Not Investing in the Plan at All
It’s easy to get caught up in our day-to-day spending. The temptation for shortsightedness in saving can leave you working far longer than you intended. If your company offers matching contributions, there is simply no reason not to participate.

Missing Out on the Full Company Match
No matter how generous your company’s match, it makes sense to take advantage of what is essentially free money.

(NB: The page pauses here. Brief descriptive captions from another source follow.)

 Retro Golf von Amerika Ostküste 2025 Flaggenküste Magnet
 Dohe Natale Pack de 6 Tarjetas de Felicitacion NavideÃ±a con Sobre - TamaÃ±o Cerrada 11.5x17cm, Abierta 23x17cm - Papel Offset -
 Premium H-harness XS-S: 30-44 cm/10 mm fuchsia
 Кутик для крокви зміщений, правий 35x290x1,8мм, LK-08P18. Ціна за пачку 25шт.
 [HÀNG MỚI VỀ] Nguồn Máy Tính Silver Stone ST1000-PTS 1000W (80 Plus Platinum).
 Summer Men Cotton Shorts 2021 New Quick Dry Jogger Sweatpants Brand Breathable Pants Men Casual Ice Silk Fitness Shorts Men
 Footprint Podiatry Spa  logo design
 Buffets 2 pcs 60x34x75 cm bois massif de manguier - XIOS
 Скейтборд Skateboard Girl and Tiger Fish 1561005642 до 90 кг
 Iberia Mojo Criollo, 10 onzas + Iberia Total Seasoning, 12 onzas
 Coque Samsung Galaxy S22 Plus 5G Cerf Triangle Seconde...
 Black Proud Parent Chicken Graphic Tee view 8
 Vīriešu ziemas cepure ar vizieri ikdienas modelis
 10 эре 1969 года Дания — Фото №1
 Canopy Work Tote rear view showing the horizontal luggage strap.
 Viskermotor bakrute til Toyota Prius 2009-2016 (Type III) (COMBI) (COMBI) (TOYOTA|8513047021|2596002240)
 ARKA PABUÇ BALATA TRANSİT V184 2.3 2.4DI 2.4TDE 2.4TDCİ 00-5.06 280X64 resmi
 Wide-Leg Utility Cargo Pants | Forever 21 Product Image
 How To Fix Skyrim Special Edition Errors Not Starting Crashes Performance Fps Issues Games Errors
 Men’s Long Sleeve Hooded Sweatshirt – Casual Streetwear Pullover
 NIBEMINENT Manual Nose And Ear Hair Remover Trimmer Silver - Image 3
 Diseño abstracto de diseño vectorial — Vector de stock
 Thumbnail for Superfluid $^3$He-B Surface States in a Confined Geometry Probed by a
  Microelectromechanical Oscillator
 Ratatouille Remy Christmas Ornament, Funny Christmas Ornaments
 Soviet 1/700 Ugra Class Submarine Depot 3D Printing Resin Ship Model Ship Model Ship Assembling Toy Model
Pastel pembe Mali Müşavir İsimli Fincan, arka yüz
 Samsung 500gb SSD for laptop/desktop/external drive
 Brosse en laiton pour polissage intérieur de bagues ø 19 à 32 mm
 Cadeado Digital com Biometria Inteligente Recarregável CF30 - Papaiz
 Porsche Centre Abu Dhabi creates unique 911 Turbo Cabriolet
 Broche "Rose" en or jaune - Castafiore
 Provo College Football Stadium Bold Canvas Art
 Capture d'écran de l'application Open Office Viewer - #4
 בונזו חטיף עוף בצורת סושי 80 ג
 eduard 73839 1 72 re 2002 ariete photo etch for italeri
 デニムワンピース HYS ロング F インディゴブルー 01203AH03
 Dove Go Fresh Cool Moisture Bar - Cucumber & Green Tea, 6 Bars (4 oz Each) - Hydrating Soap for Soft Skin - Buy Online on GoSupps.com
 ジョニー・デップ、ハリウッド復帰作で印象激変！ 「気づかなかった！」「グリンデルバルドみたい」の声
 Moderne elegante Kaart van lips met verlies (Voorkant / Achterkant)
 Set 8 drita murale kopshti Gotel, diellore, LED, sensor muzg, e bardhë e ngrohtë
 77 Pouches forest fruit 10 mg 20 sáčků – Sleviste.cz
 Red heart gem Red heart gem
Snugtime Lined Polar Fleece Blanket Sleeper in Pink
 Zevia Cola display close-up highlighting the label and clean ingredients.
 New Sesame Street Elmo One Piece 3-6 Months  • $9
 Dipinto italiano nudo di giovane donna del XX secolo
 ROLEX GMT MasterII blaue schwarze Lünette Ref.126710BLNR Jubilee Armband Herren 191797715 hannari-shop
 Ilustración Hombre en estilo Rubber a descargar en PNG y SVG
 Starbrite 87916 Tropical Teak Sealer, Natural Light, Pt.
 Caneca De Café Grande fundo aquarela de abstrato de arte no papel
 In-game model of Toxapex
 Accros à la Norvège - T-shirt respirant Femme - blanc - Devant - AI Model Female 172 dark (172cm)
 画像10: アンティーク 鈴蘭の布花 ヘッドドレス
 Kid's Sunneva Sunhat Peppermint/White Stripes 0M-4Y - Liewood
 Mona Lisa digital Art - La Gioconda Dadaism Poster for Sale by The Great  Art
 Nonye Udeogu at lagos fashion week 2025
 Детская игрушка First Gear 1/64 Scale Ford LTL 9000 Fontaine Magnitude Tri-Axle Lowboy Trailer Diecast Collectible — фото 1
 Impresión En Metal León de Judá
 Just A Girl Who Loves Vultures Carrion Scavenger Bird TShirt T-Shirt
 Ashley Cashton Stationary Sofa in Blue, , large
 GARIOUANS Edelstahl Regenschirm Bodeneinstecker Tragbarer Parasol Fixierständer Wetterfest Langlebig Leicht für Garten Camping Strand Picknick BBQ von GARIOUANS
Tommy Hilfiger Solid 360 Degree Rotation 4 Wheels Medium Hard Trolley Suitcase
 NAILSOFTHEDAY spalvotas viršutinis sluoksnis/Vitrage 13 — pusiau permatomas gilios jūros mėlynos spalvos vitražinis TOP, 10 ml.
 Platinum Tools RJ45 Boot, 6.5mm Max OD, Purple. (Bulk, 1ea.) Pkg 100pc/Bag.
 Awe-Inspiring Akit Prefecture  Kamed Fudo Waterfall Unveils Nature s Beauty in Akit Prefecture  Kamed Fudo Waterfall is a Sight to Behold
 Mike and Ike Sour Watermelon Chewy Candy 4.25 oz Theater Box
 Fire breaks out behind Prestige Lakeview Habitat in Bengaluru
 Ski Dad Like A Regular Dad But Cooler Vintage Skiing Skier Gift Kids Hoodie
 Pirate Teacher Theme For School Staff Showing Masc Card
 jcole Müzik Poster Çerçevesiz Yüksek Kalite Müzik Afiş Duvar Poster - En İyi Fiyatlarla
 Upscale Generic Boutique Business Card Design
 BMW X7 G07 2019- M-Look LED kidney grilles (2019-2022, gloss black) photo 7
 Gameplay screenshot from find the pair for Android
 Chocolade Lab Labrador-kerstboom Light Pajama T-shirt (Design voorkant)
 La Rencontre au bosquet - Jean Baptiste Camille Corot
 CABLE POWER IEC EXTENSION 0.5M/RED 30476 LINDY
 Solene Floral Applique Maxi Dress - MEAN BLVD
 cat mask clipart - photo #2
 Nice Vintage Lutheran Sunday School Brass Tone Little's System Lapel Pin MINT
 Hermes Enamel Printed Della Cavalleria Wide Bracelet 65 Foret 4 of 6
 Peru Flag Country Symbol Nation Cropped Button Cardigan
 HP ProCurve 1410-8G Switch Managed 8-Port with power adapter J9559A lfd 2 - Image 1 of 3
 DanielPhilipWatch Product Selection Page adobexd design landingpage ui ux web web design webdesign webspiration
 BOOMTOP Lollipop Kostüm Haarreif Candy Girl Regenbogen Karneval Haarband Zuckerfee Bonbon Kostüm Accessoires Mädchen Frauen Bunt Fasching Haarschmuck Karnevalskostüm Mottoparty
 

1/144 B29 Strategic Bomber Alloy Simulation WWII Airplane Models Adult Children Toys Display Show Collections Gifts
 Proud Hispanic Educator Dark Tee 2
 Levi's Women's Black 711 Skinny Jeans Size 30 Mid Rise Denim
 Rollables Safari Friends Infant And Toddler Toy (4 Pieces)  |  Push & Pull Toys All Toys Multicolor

Contributing No More Than the Company Match
While it’s important to take full advantage of the company match, it’s even more important to contribute as much as you can to the plan. Experts suggest that you’ll need to save 10-15 percent of your annual pre-tax pay to afford retirement.

Improper Asset Allocation
Studies have shown that asset allocation contributes to over 90 percent of your investment portfolio results. Investors too often have a habit of being on one extreme or the other — too conservative or too aggressive — as well as making investment selections based on what fund performed the best last year. Don’t pay attention to what’s hot, but rather, select a diversified portfolio of stocks, bonds, and cash and stick with it for the long term.

Cashing Out
Next to not signing up, cashing out of your 401(k) when you leave a job is one of the worst moves you can make. The combined income tax and penalties could result in you forfeiting a quarter to half of your plan balance.

Taking a Plan Loan
A plan loan is a convenient way to pay for a big expense, but it’s not free money. You have to pay back the principal and interest and, more importantly, loans reduce the amount of money that’s available to compound and grow for your retirement years.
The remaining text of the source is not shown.